(Goal of the exercise) Set the pictures aside and set down only the lines from the line holding "Azazie Denice Bridesmaid" through the end of the entries below, ends included.

(Caption-style text data)
================
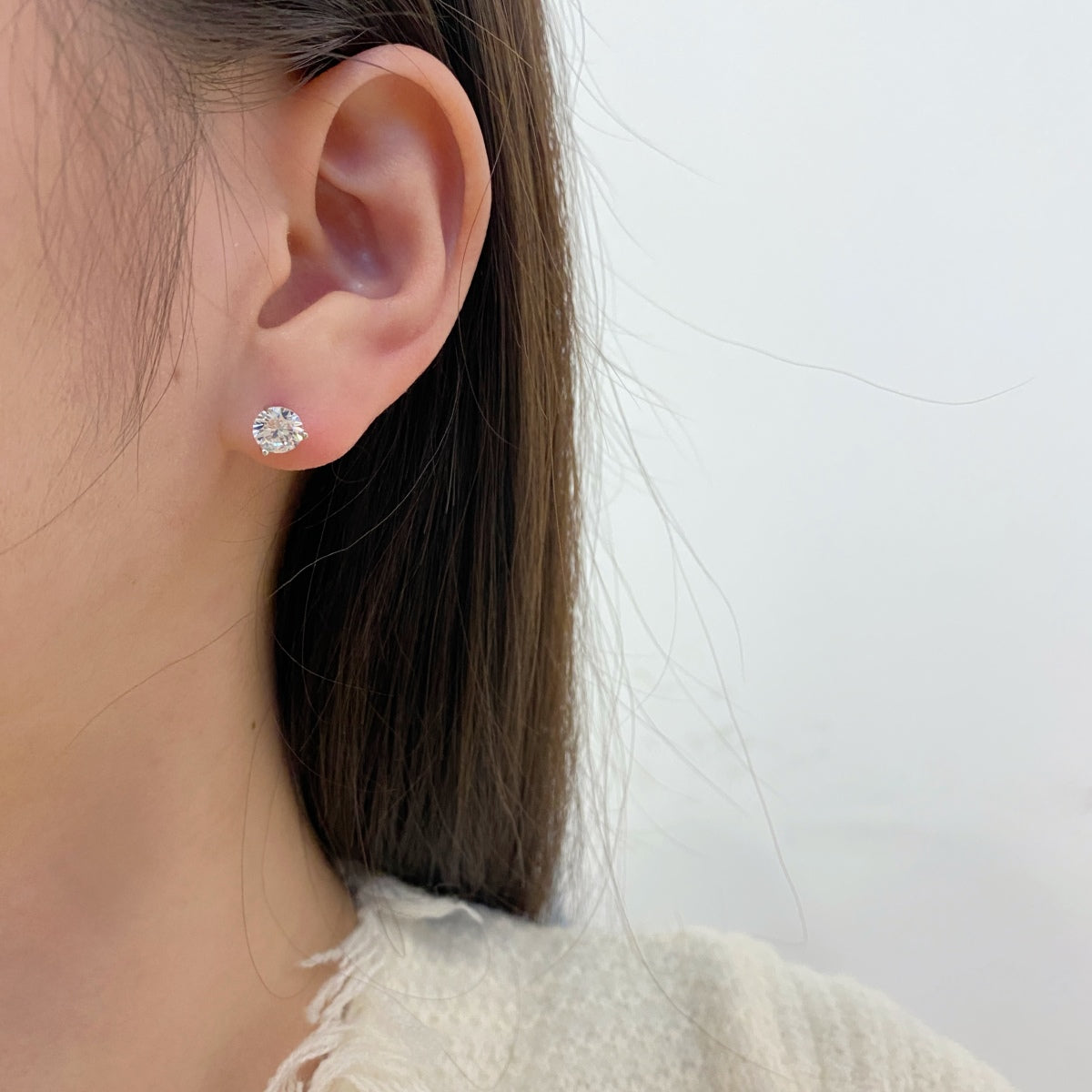 [Raffine]Dainty Round Shape Earrings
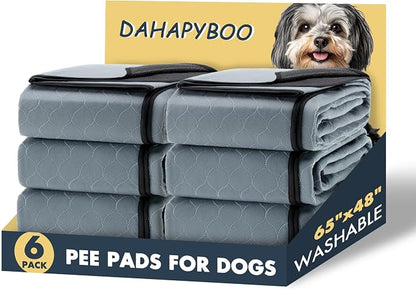 DAHAPYBOO Extra Large Washable Pee Pads for Dogs 65x48,6Pack | Reusable Puppy Pads for Dogs Non-Slip Waterproof Pet Training Pads for Crate, Playpen, Bed, Sofa,Whelping Box, Potty Training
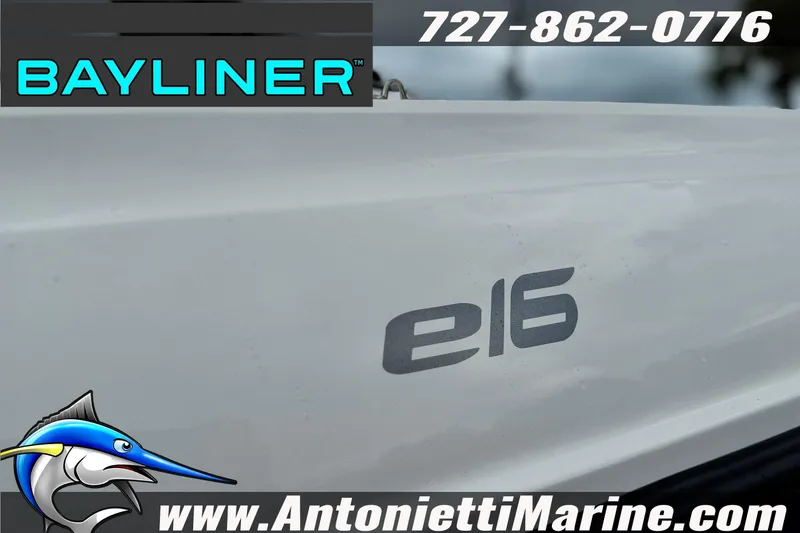 Slide: The Image of 2026 Bayliner Element E16 boat branding with contact details and logo. - 18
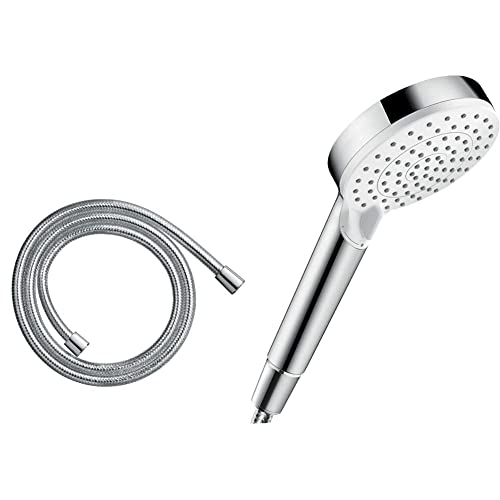 hansgrohe Brauseschlauch Comfortflex, Duschschlauch 1,60m, chrom & wassersparender Duschkopf Crometta, Sparduschkopf, 2 Strahlarten, Weiß/Chrom, 9l / min
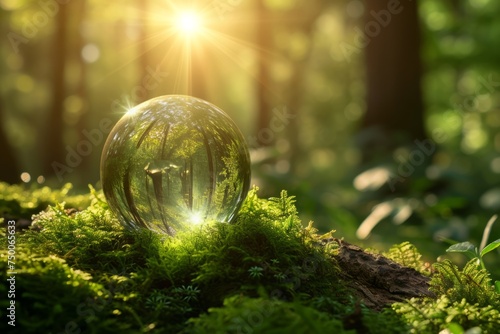 Glass crystal ball globe of planet earth lies on green grass in sunny forest  concept for eco  nature  environment  environmental protection and conservation concept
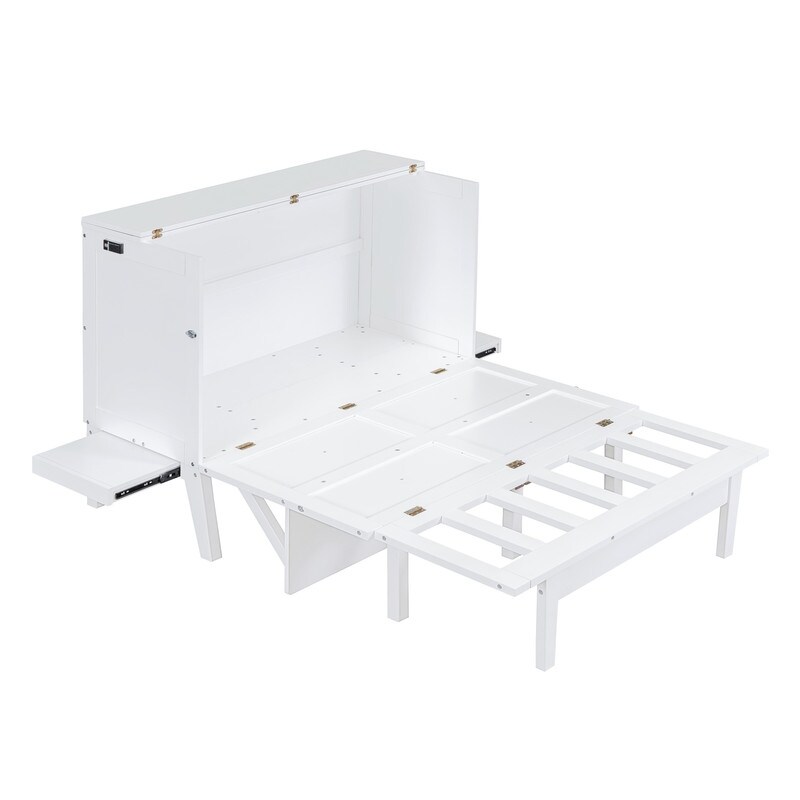 Modern Murphy Cube Full Cabinet Bed with USB Port  White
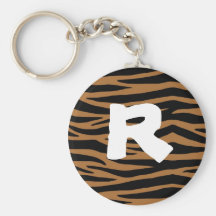Brun zebra rändernyckelring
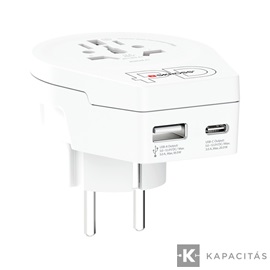 SKROSS World - Europe Világ utazóadapter USB-C + USB-A (20W PD, gyorstöltés, Fehér)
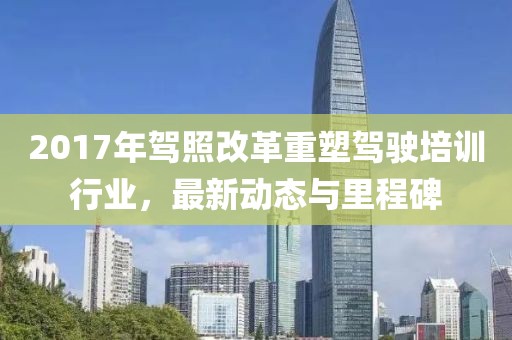 2017年驾照改革重塑驾驶培训行业，最新动态与里程碑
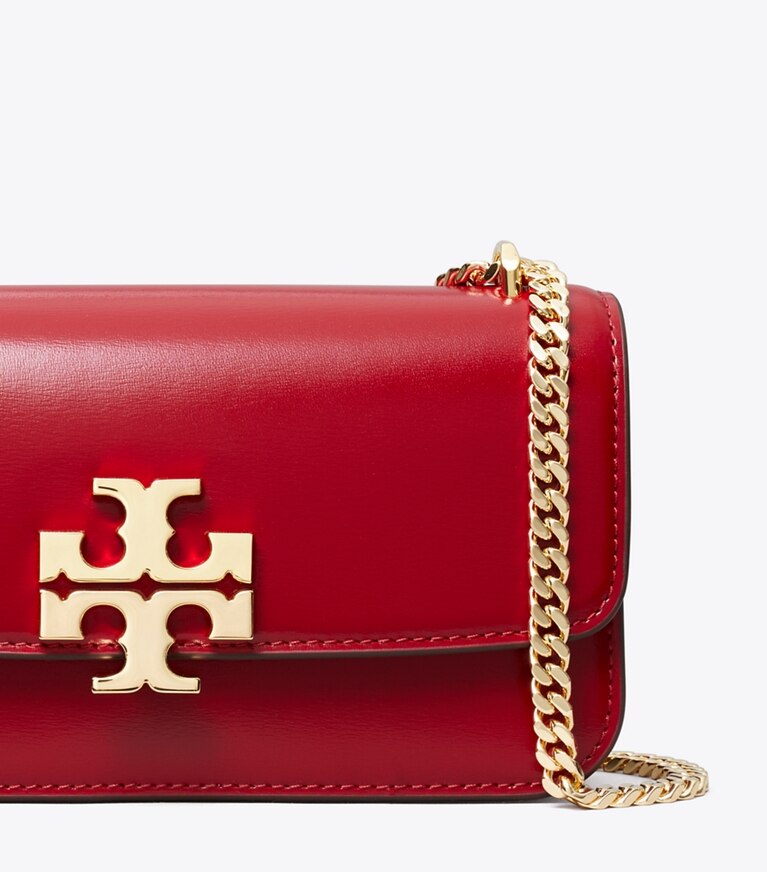 Tory Burch designer schultertaschen Kleine, rechteckige Eleanor Tasche in Ruby angle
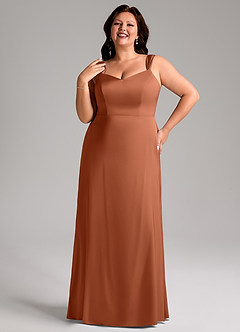 Azazie Denice Bridesmaid Dresses Cedar Rose Sheath Pleated Stretch Satin Dress image10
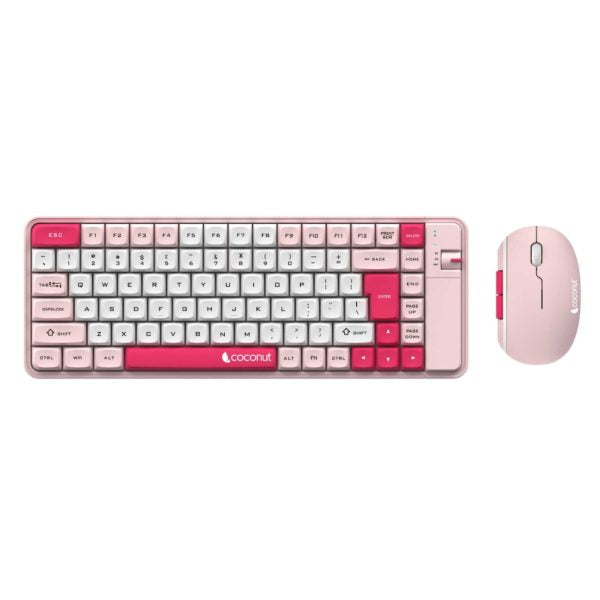 Coconut Pearl Wireless Keyboard Mouse Combo (Pink White) – TechCure India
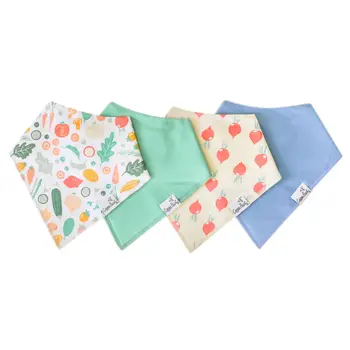 Copper Pearl Copper Pearl Veggies Baby Bandana Bib Set (4-pack)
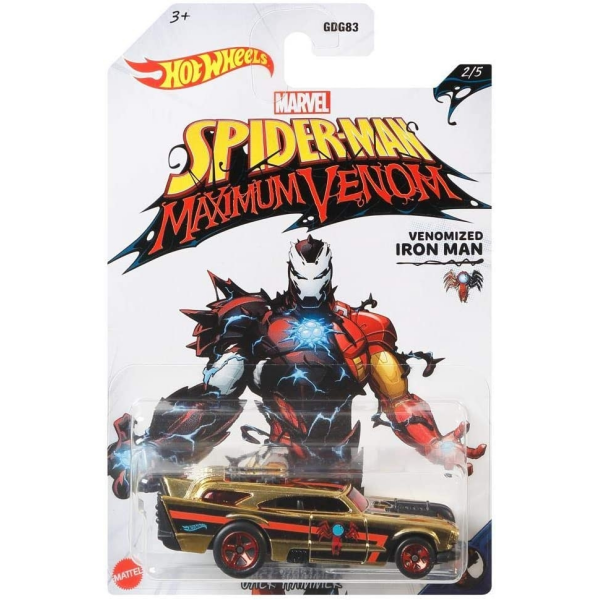 Hot Wheels Spiderman 2/5 Maximum Venom Iron Man Jack Hammer Mattel GJV25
================
(Answer space)
 Azazie Denice Bridesmaid Dresses Cedar Rose Sheath Pleated Stretch Satin Dress image10
 Coconut Pearl Wireless Keyboard Mouse Combo (Pink White) – TechCure India
 Copper Pearl Copper Pearl Veggies Baby Bandana Bib Set (4-pack)
 Hot Wheels Spiderman 2/5 Maximum Venom Iron Man Jack Hammer Mattel GJV25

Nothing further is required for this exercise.